Jika bankir merasa BPPN begitu lelet, Center for Banking Crisis (CBC) justru sebaliknya. Menurut lembaga yang muncul setelah penutupan 38 bank ini, BI dan BPPN cenderung tak berhati-hati dalam menggelar program penjaminan. Lembaga ini antara lain mempertanyakan proses pengesahan yang begitu sembrono. Ini terjadi terutama dalam pembayaran tunggakan letter of credit (L/C) dan tagihan antarbank Bank Bali. Menurut CBC, pada April 1998, BI membayari tunggakan L/C bank-bank lokal ke bank-bank asing di luar negeri, yang sudah jatuh tempo. Jumlahnya amat besar, hampir US$ 1 miliar.
Benarkah? BI membantah telah membayari atau mem-bail-out tunggakan L/C itu. Yang benar, katanya, pembayaran itu merupakan dana talangan (kasbon) atas tunggakan L/C hingga Desember 1998. Jumlahnya malah lebih besar, sampai US$ 1,18 miliar. Tapi bailout ini terpaksa dilakukan BI untuk memenuhi kesepakatan penyelesaian utang swasta di Frankfurt, Jerman.
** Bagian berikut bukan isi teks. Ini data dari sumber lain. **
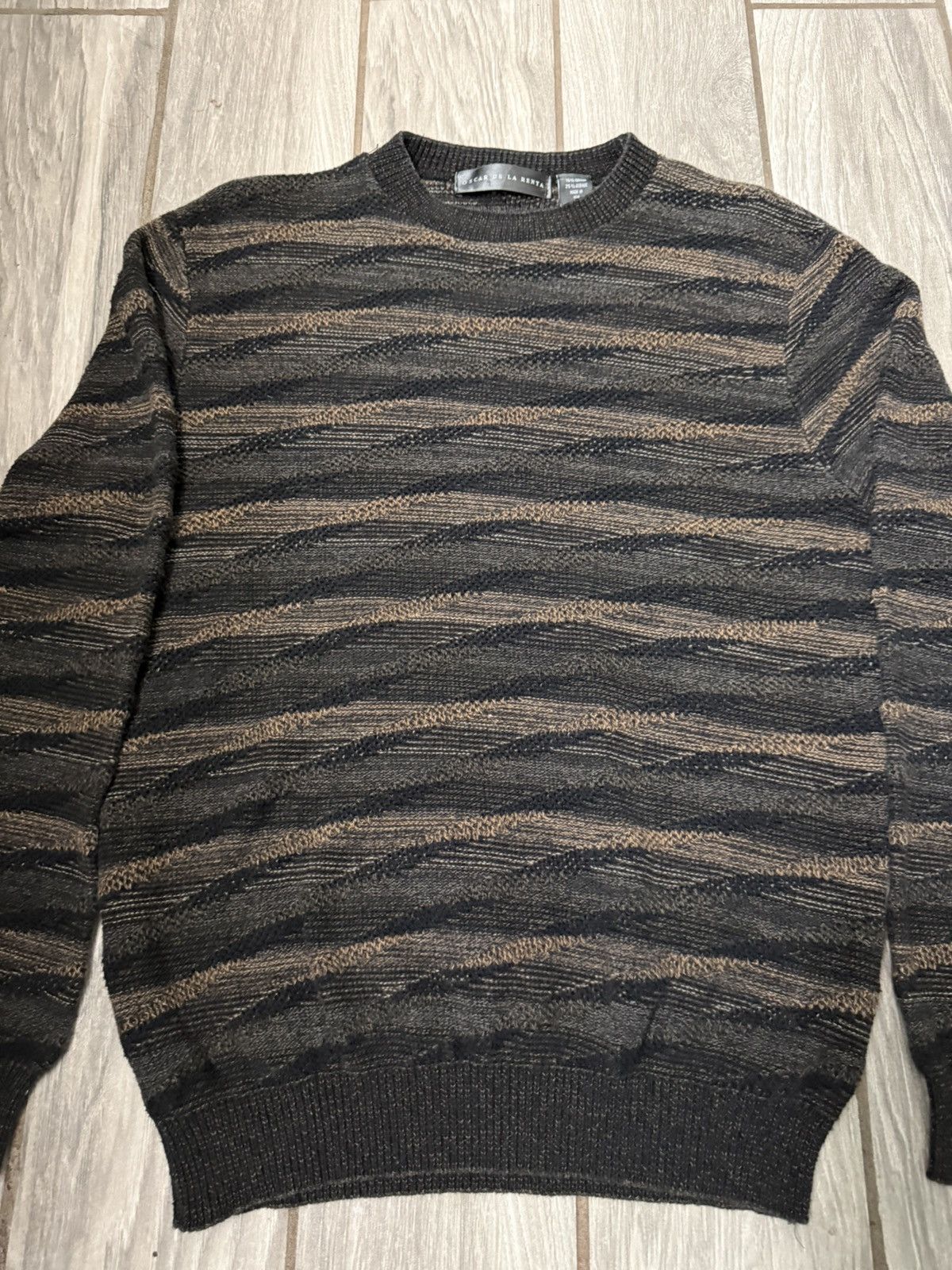 Oscar De La Renta Oscar De La Renta Men’s Crewneck Sweater Green/Light Brown Size US M / EU 48-50 / 2 - 2 Thumbnail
Ceritanya, di tengah puncak krisis kala itu, bank-bank swasta Indonesia sedang diisolasi bank-bank asing di luar negeri. Pintu kredit dan pembiayaan perdagangan ditutup rapat-rapat. Soalnya, risiko kredit ke Indonesia, seiring dengan makin parahnya krisis, meningkat. Kecuali itu, sejumlah tunggakan L/C belum dibayar. Akibatnya, bank-bank lokal diasingkan seperti anjing kena rabies.
Boikot ini berakibat fatal. Importir Indonesia tak berkutik. Aktivitas perdagangan hampir saja mandek. Untuk mencairkan kemandekan, BI menalangi dulu tagihan ini dengan janji setelah itu akses pembiayaan perdagangan akan dibuka bank-bank asing di luar negeri. Benar saja, "Setelah itu, kucuran L/C yang tersendat mulai lancar mengalir," kata seorang pejabat BI. Sejak itu, kucuran L/C yang mengalir ke bank-bank lokal mencapai US$ 2,9 miliar.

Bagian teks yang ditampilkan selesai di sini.